==== RECORDS FOR THE TASK ====
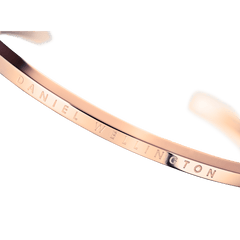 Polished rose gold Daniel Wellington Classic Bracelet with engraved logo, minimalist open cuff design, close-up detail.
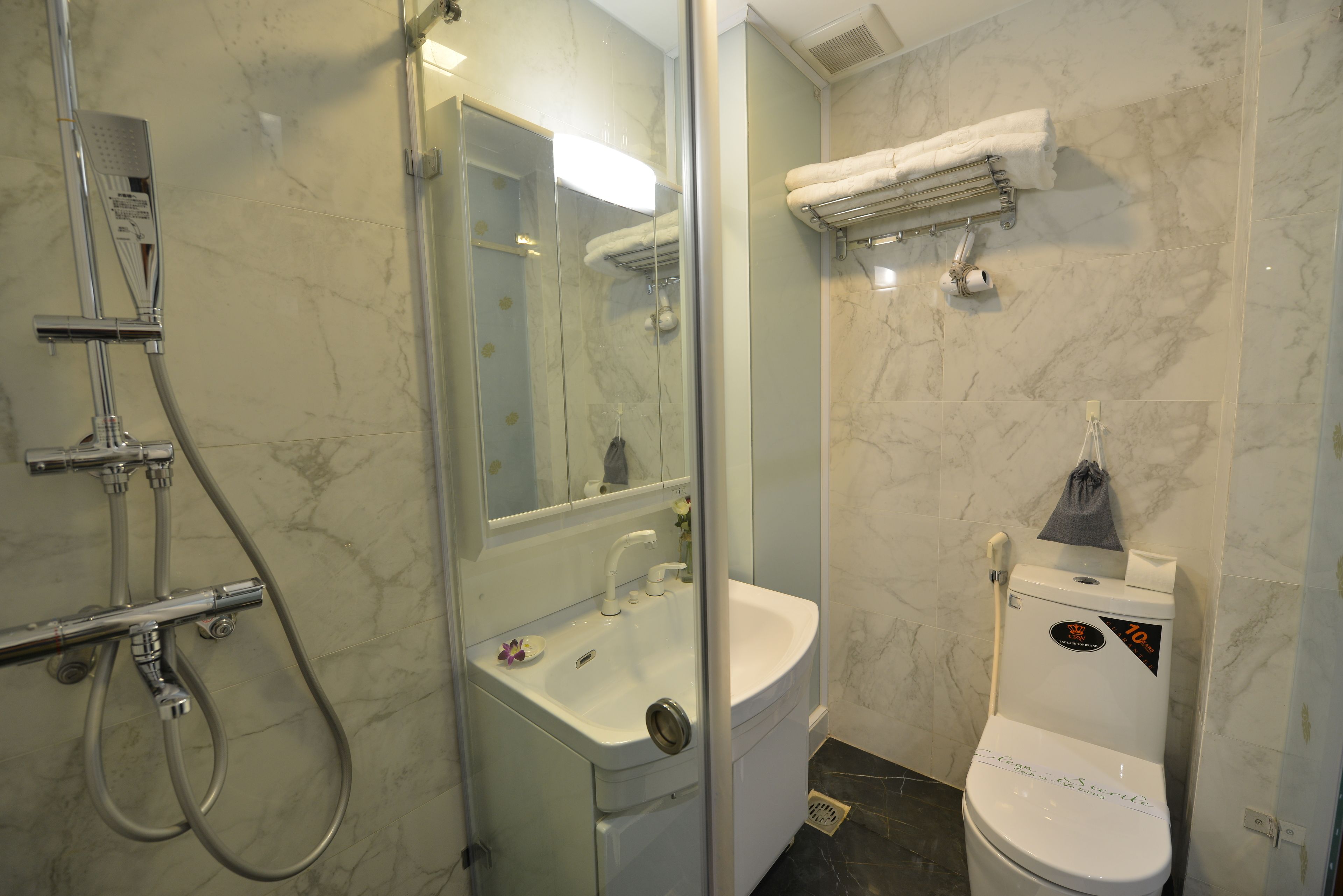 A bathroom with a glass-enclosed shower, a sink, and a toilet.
====
==== RECORDS FOR THE TASK ====
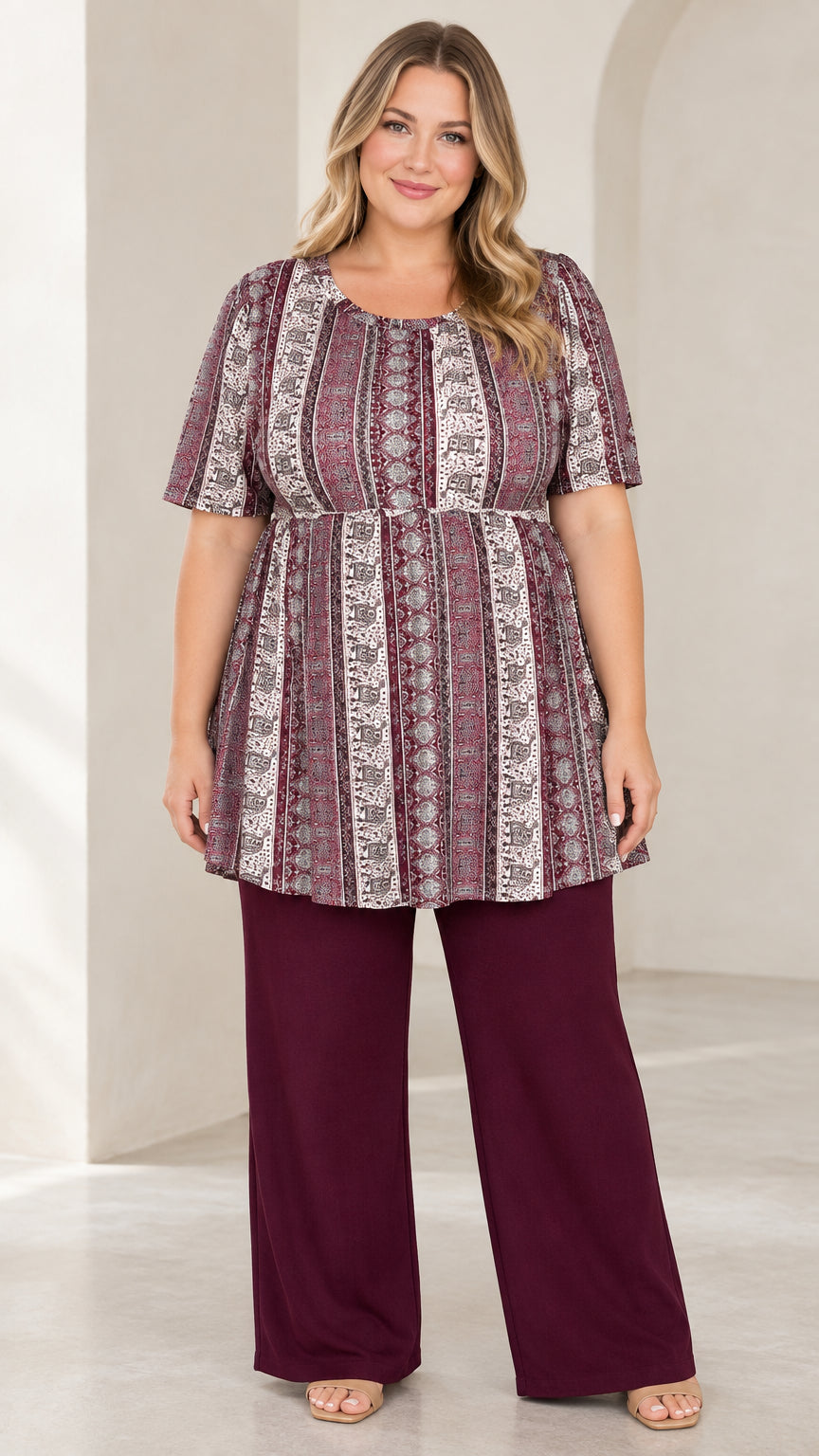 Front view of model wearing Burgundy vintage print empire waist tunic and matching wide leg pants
====
— WORK INSTRUCTION —
Beginning at the line above that contains "Polished rose gold", repeat each line exactly through the one that contains "A bathroom with", and leave out the pictures.

— YOUR SOLUTION —
 Polished rose gold Daniel Wellington Classic Bracelet with engraved logo, minimalist open cuff design, close-up detail.
 A bathroom with a glass-enclosed shower, a sink, and a toilet.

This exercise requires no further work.